Reporter: Dian Sari Pertiwi | Editor: Wahyu T.Rahmawati
KONTAN.CO.ID - JAKARTA. Sentimen negatif membayangi emiten yang berbisnis minyak. Harga minyak mentah West Texas Intermediate (WTI) melorot hingga US$ 68,30 per barel, Selasa (24/7). Padahal, akhir bulan lalu, harga sempat bertengger di US$ 74,15 per barel.
Tren penurunan harga minyak tak lepas dari kekhawatiran pasokan berlebih di pasar global. Ini lantaran Arab Saudi dan sejumlah negara berencana mengerek produksi untuk mengimbangi penurunan suplai dari Iran.
Penurunan harga minyak berimbas pada melemahnya harga saham sejumlah emiten minyak. Dalam tiga minggu terakhir, harga empat saham emiten minyak terjungkal. Saham MEDC turun 25,70%, ELSA terpangkas 24,66% dan BIPI minus 35,37%. Saham ENRG tergerus paling dalam, yakni sebesar 50,41%.
Analis Artha Sekuritas Juan Harahap mengatakan, penurunan harga minyak dunia berdampak pada harga jual yang rendah. "Jadi, perusahaan mengkaji ulang pengeluaran operasional dan berdampak pada melambatnya aktivitas migas. Ini juga mempengaruhi kinerja perusahaan jasa migas," kata dia, kemarin.
Senior Analyst Research Division Anugerah Sekuritas Indonesia Bertoni Rio memprediksi, hingga akhir tahun ini, harga saham emiten minyak masih akan tertekan. "Pergerakan harga spot minyak mentah lebih banyak mempengaruhi dibanding faktor internal emiten," ujar dia.
Menurut Bertoni, harga minyak mentah memang tak selalu mempengaruhi harga saham emiten minyak. Tapi, ekspektasi pasar sering dipengaruhi oleh sentimen eksternal, sehingga kerap membayangi pergerakan saham.
Rio menilai, tergerusnya harga saham keempat emiten itu dipicu sejumlah sentimen negatif, antara lain kecemasan terhadap tensi perang dagang dan penguatan dollar AS.
Selain itu, kinerja keuangan di kuartal I-2018 juga melemahkan saham emiten minyak.
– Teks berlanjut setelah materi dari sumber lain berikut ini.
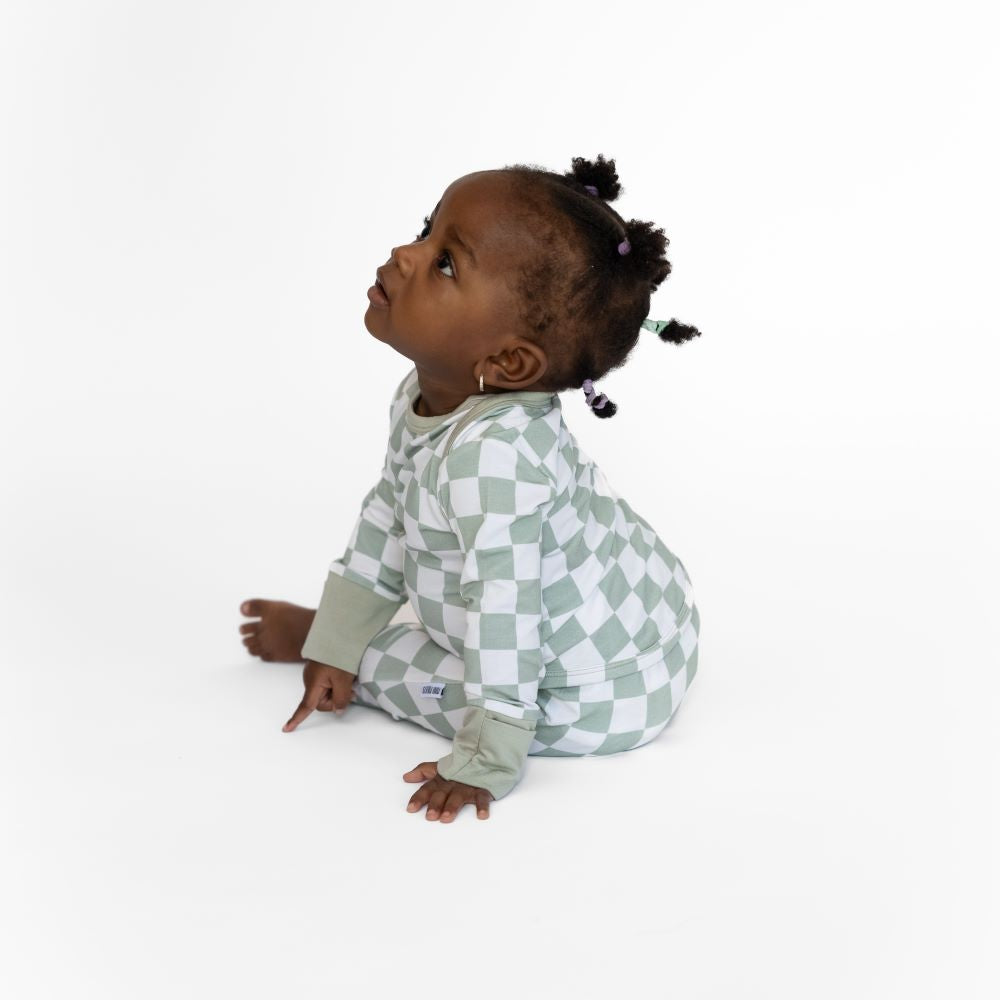 Immer das perfekte Kima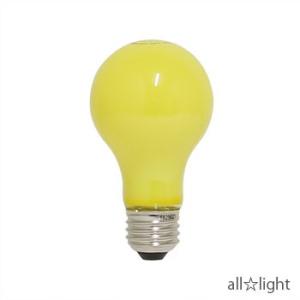 東京メタル 東京メタル工業 LED電球 LEDフィラメント電球 レインボー
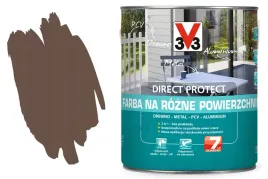 3v3-farba-rozne-powierzchnie-direct-do-metalu-drewna-antykoryzjna-rdze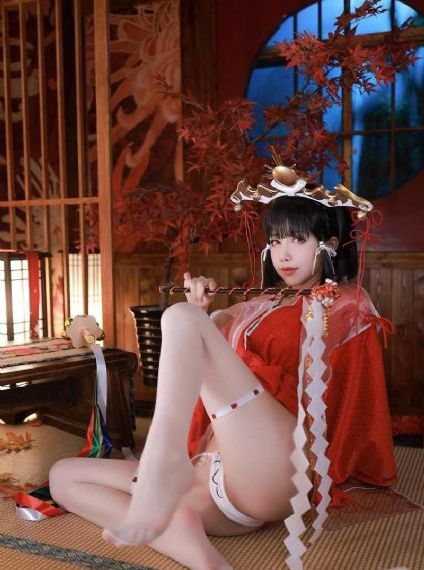 无码人妻aⅴ一区二区三区96在线_720全集在线观看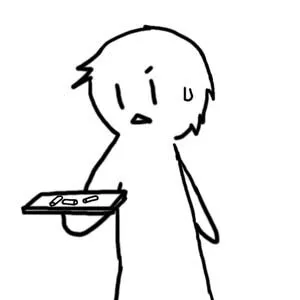 ちょい旅サポート ルピネ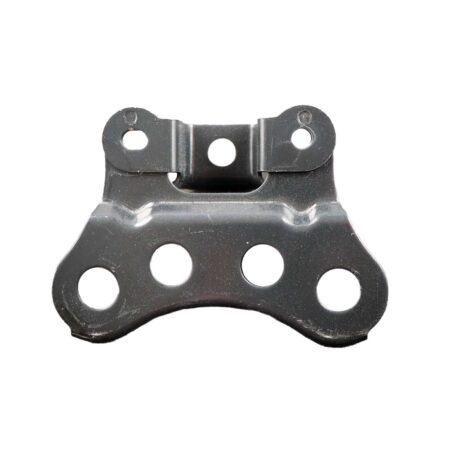 32046-1447 - Kawasaki etuistuimen kiinnike (ZX-6R)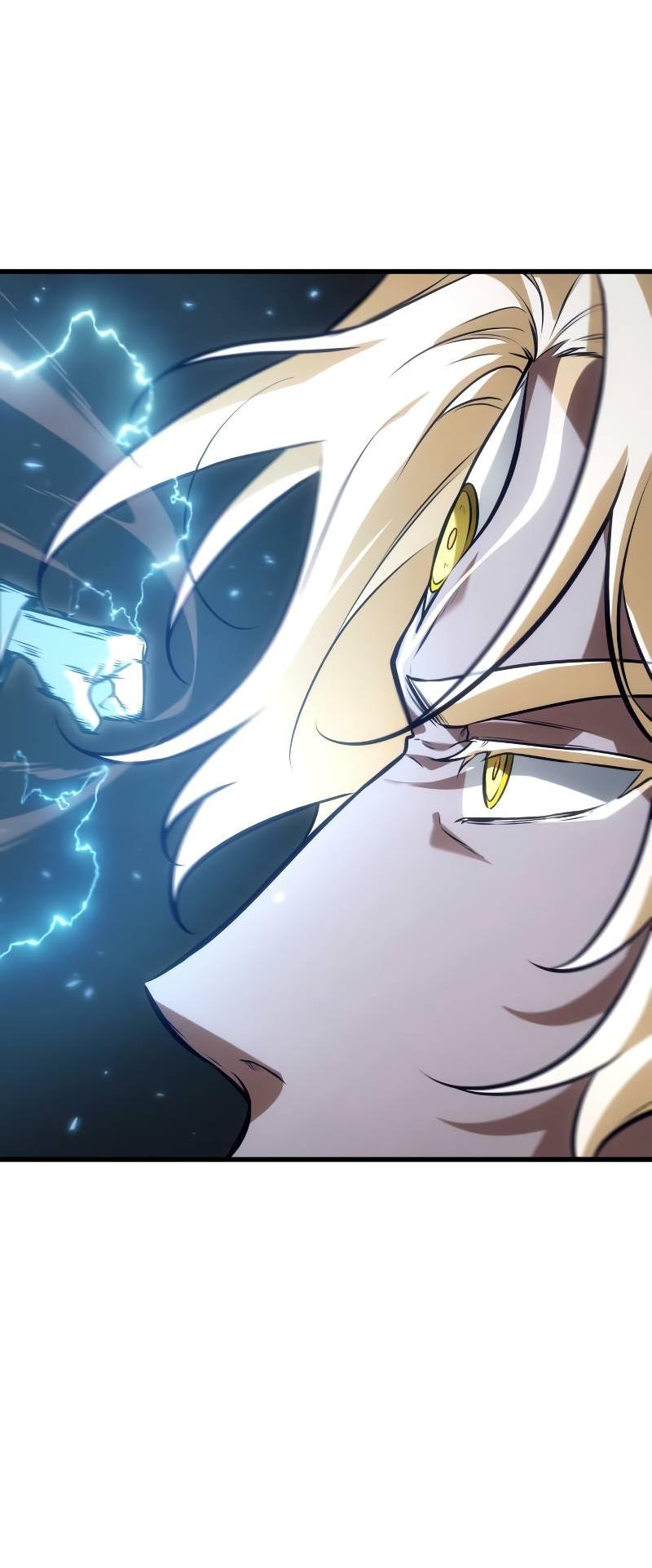 Read Всеведущий читатель The Omniscient Reader Ru Manga Online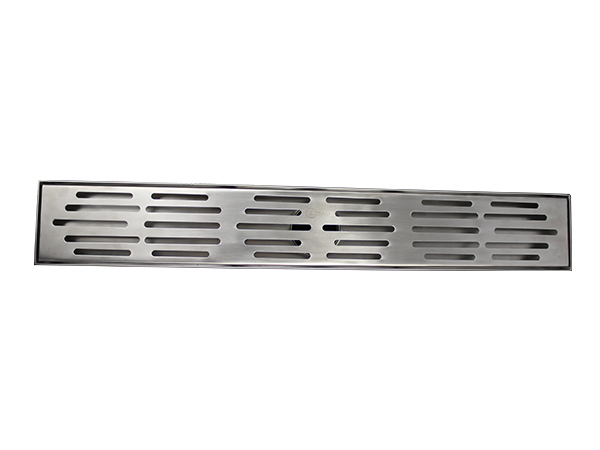 thoat-san-inox-TSH6010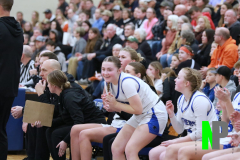 D-SCCGBB_2-28-2026_0054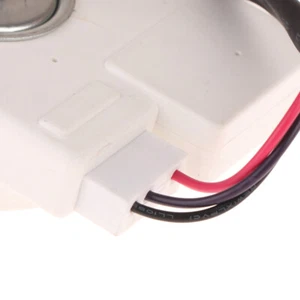 Good Work For Motor Fan Refrigerator 50240401000k DC12V 4.5W Cooling Motor Fan - Picture 1 of 10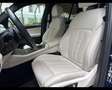 BMW X5 xdrive40d mhev 48V Msport auto - thumbnail 9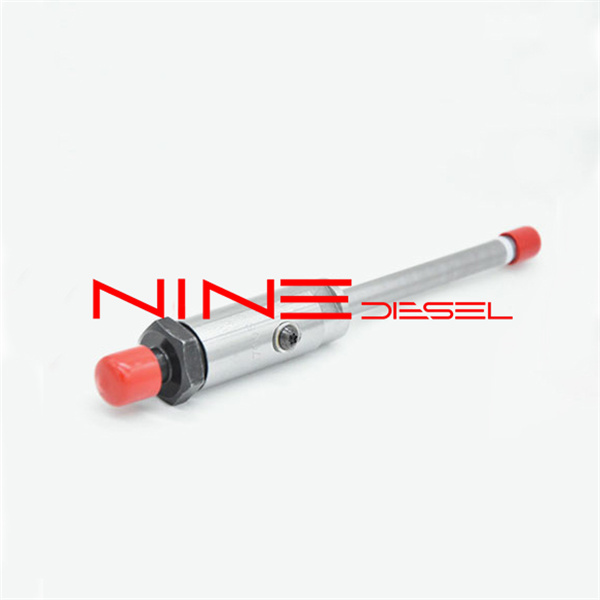 pencil injector 8n7005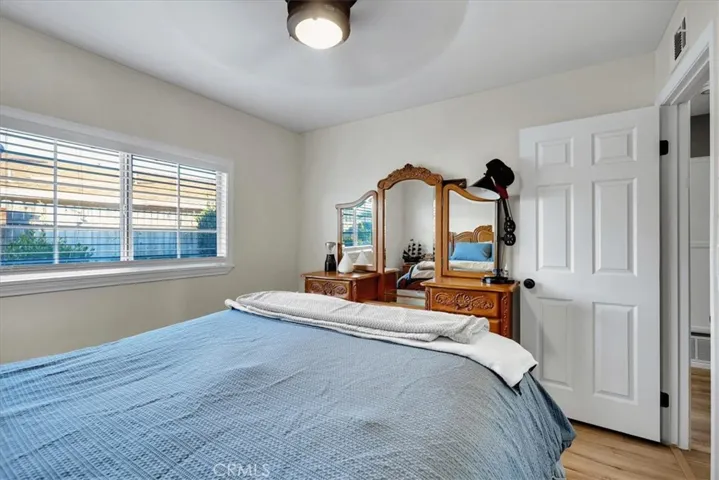 8845 Garfield Circle, Buena Park, California 90620
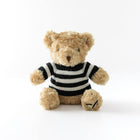 Tushy Bear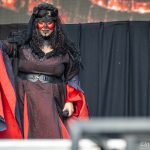 Fleshgod Apocalypse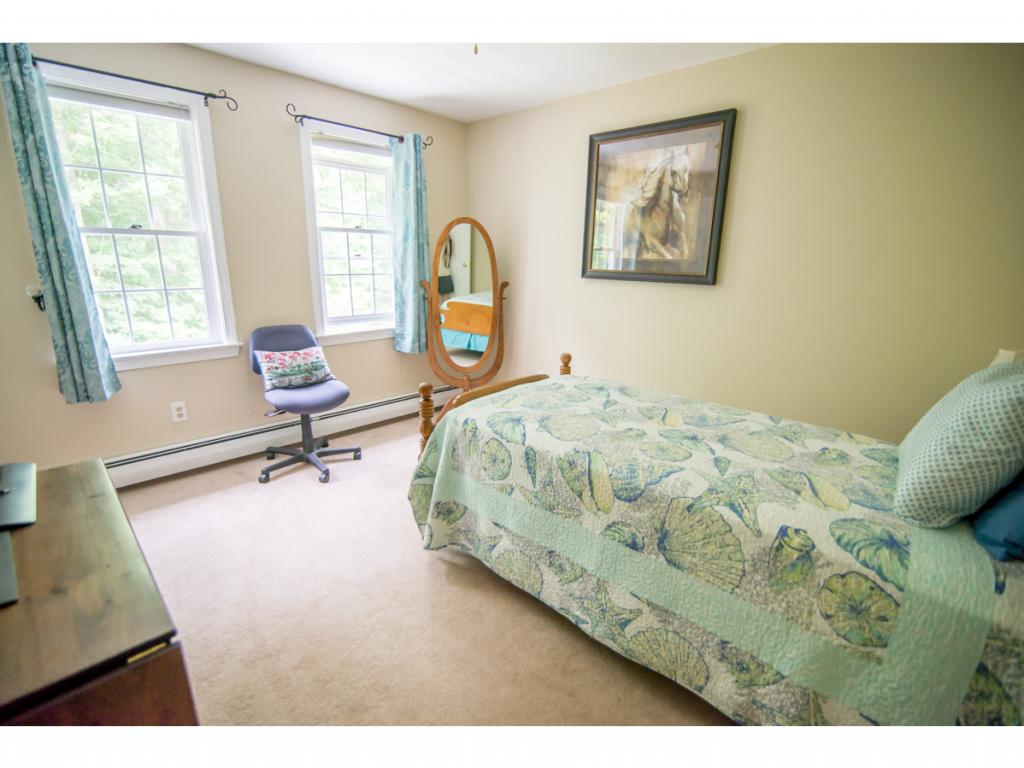 190 Depot Road Hampstead, NH 03841 - Photo 21 of 27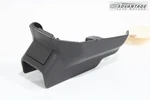 2019-2022 Chevrolet Blazer Front Left Driver Side Seat Track Rail Cover Trim Oem. Fixed Price $25.99.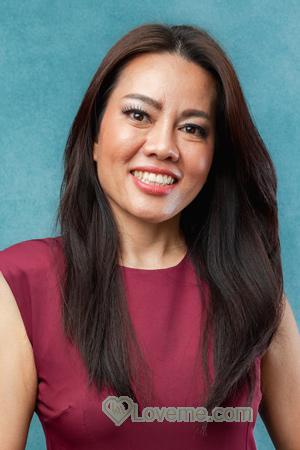 218270 - Saruta Age: 45 - Thailand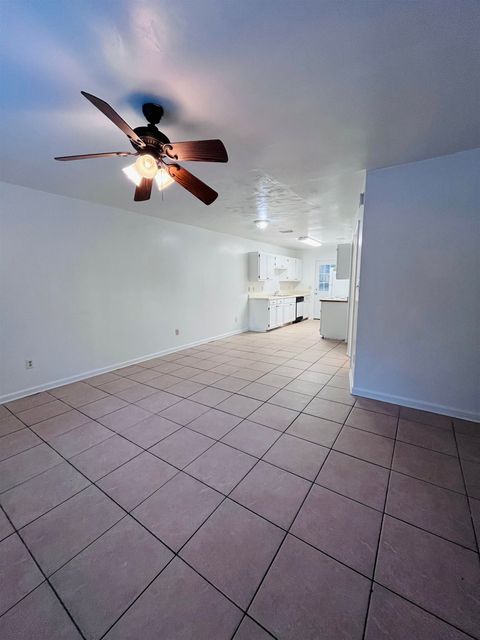 Tiny photo for 1285 Rumba Lane #B, Tallahassee, FL 32304 (MLS # 393447)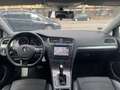 Volkswagen Golf VII Lim. Comfortline BMT Weiß - thumbnail 13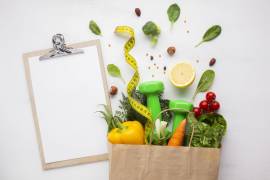 En una época donde la diversidad corporal sale a la luz, la moda decide dar un paso atrás.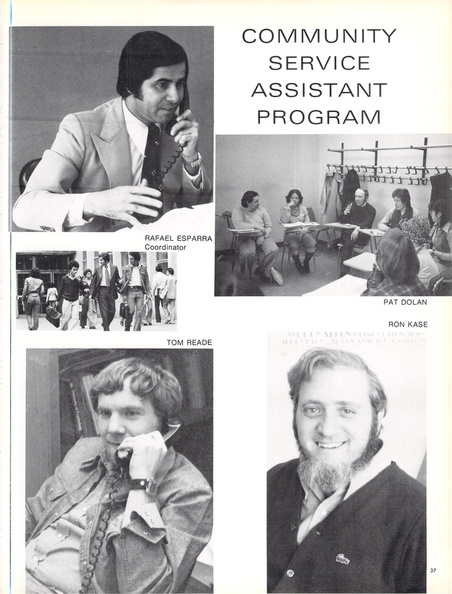 New-York-City-Community-College-Yearbook-1978-Page-039.jpg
Misal, laba bersih MEDC turun 49,75%, meski pendapatan naik 35%. Pelemahan ini dikhawatirkan berlanjut di kinerja kuartal dua.
Analis Semesta Indovest Aditya Perdana Putra sependapat, harga saham emiten minyak turun karena investor merespons perang dagang serta kenaikan suku bunga The Fed. "Saham-saham minyak downtrend sejak April setelah mengalami peak pada Februari lalu," ujar Aditya.
Itu sebabnya, kinerja kuartal I-2018 ELSA yang cukup positif tetap direspons negatif oleh pasar. Buat info, pendapatan ELSA di kuartal satu lalu naik 50,14% menjadi Rp 1,45 triliun dan laba naik 1.291% jadi Rp 70,84 miliar.
Padahal, harga minyak dunia justru menunjukkan tren penguatan pada Mei dan Juli. Aditya bilang, investor menganggap penguatan harga minyak dunia mentok di US$ 70-an per barel, sehingga investor ambil untung lebih dulu sebelum harga turun.
Menanti rilis kinerja
Saat ini, kata Aditya, pasar tengah menanti laporan kinerja keuangan semester I-2018. Sebab, harga minyak yang sempat menanjak hingga akhir Juni lalu bisa berdampak positif terhadap laporan keuangan keempat emiten itu. "Pasar akan melihat seberapa kuat dampak penguatan harga minyak terhadap kinerja keuangan kuartal II," kata dia.
Jika laporan keuangan positif, Aditya memprediksi, harga saham emiten minyak akan terkerek lagi. Di antara empat emiten minyak, ia merekomendasikan MEDC dan ELSA karena fundamental oke dan harganya sudah cukup murah. Target harga masing-masing di Rp 1.200 dan Rp 400.
"ENRG relatif lebih spekulasi dan berisiko, sementara BIPI bisa untuk trading jika harganya masuk ke kisaran 60 sampai 65," imbuh Aditya.
Rio merekomendasikan buy on weakness saham-saham minyak dengan target harga MEDC 1.100, BIPI 66, ENRG 150 dan ELSA 410. "Jika ada sinyal beli cukup kuat, investor bisa masuk," sarannya.